Recently, I have happily been surrounded by some folks with little (or no) experience with Linux who are now eager to learn more about both Linux and Open Source.

I have occasionally caught myself talking to them like a Grandpa talking to his grandkids about walking to the snow. Why? When I first loaded Linux things were very different. Sure, it was a lot easier when I started (about 11-12 years ago) than in the really early days of distributions like SLS. My first distro was Red Hat 7 (the *original* Red Hat before the Fedora Project). Even though some things were less magically auto-configuring as they are now, it was still pretty easy to install and use for someone who was already a Windows and Macintosh 'power-user'. It wasn't until I got 'bored' with Red Hat/Fedora and moved on to Slackware did I really learn about Linux.

I used Slackware exclusively for several years before moving on Ubuntu (and eventually, most recently back to Fedora/Red Hat). I initially moved on from Slackware because I was at the point where I truly understood the system, and just wanted something that was more magically auto-configuring, with a more robust package manager, and with more pre-built packages in the repositories (with proper dependency resolution). I'm glad I had that experience with Slackware though...because...without it, I don't think I would have ever really understood how a Linux distribution works the way I now do.

Really (I feel kinda 'old' saying this) folks who only started with a distro like Ubuntu, Mint, Fedora or openSUSE, that just works with a few mouse-clicks after booting from a LiveCD/USB just don't get exposed to the underpinnings of the system in the same way. Sure, you can go seek out the innards, but how many really do? Even if you want to learn, it's just harder to do (or it seems that way to me).

The funny thing is, now, I look at distros like Slackware and Arch and think of them as 'simple'. Why? Because there is no magic happening anywhere. You can easily see where everything is and what it does. They really aren't hard even though they are thought of as hard distros. Sure they are less automatic, but I wouldn't call that hard. My truck is a straight-drive...I don't find it hard, just less automatic. Same difference, really.

My advice to someone wanting to use Linux? Download one of the top-5 distros, load it up and compute away. Simple as that. My advice to someone wanting to learn Linux?

  • Use it. Don't dual-boot. MAKE it do what you need it to do. Don't give up.
  • Install a hard (ahem...less automatic) distro.

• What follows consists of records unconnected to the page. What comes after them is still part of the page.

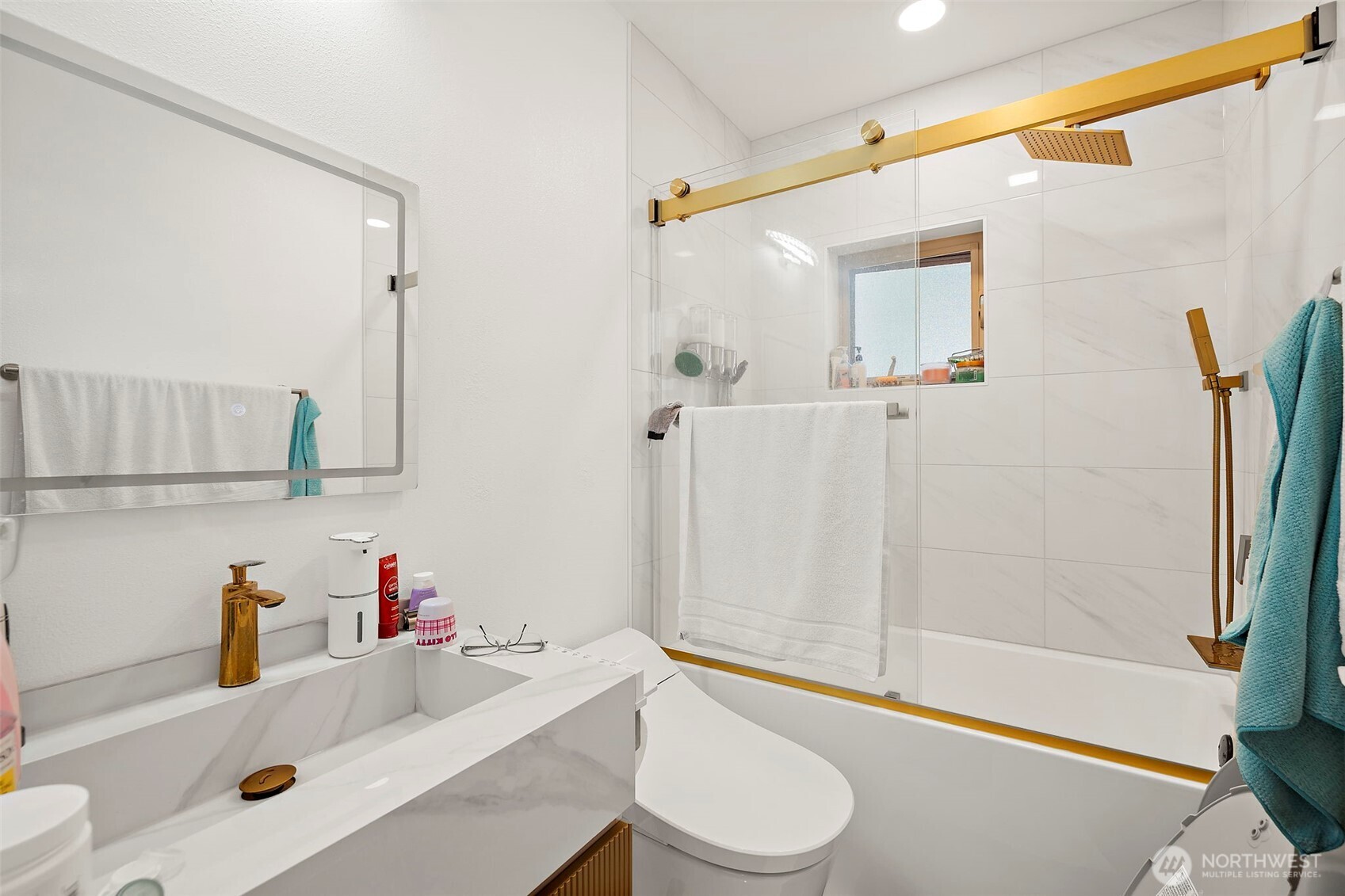 128 Northeast 125th Street Seattle, WA 98125 - Photo 22 of 39 a bathroom with a sink a toilet and shower
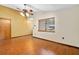 Living room with wood floors, a ceiling fan, and a window with natural lighting at 1105 Mill Run Cir, Apopka, FL 32703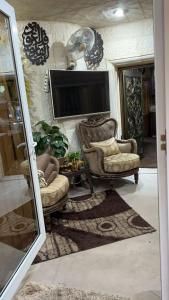 a living room with two chairs and a flat screen tv at شقه مفروشه مع حديقه اربد بجانب فندق فلامنجو ومدارس دار العلوم in Irbid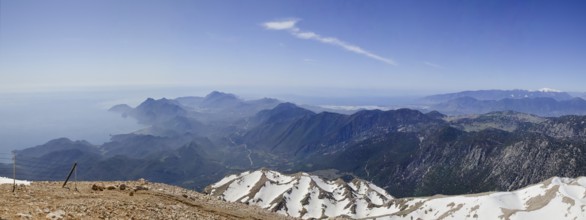 View of the Turkish Riviera from the snow-covered Tahtali Dagi, Turkey, Asia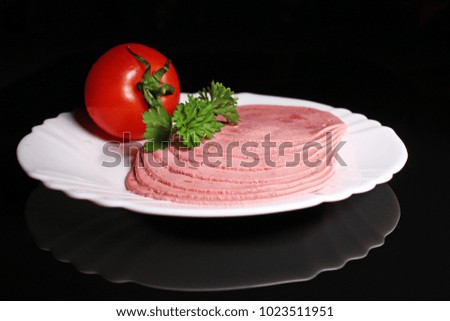 Sliced ham pork meat on black reflective studio background. Isolated black shiny mirror mirrored background for every concept.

Slackware, Arch, Debian, even Gentoo (if you have the patience for emerges).
  • Make that hard distro work. MAKE it do what you need it to. Don't give up.
  • Either stick with the hard distro, or move back to an easy distro.
  • Break stuff, then FIX it.
  • Ask for help. Join Mailing-lists, IRC channels and Internet Forums. You'll meet some cool people..and some jerks...just like 'real-life'. Learn from the cool people and ignore the jerks (unless they have good info).
  • TEACH back to others what you learn.
  • Become a part of the Open Source community.
  • Learn the difference between Open Source, Free Software and 'Freeware'. 
  • Use what distro/desktop environment/text editor/insert some other app here that makes you happy; Not what makes some anonymous internet person happy.
  • Argue with those anonymous internet people about what you think is best.
  • Change your mind. Try different things. You would've never known you liked Chocolate Ice Cream if you never tried it.

...and most importantly...

Have Fun!

Regardless of whether I'm using a computer for pleasure, learning or for work, I'm always having fun. That's how I know I'm in the right career. I love computers...I'm fascinated by them. I like teaching them new things, and I like them to teach me new things. 


  1. Such a great post! Gave up paying MS tax after Vista debacle. Currently run 40+ distros as VMs. Some BSD, and Solaris as well.Own and operate It ain't much but it's mine.

  2. I love Linux but I also lack the patience to 'learn' all about it. I use Ubuntu, Lubuntu and Mint KDE. Something happened to my Mint install and I fixed it as I also do things via the terminal but that's the beauty of Linux. There is a distro for every user. One of the cool things about Ubuntu is that it is so simple and automated. I like Fedora as well. I had a similar conversation with a experienced Linux user who hated Ubuntu and the more automated Linux distros. He felt they were too easy. The height of sophistication is simplicity was my reply.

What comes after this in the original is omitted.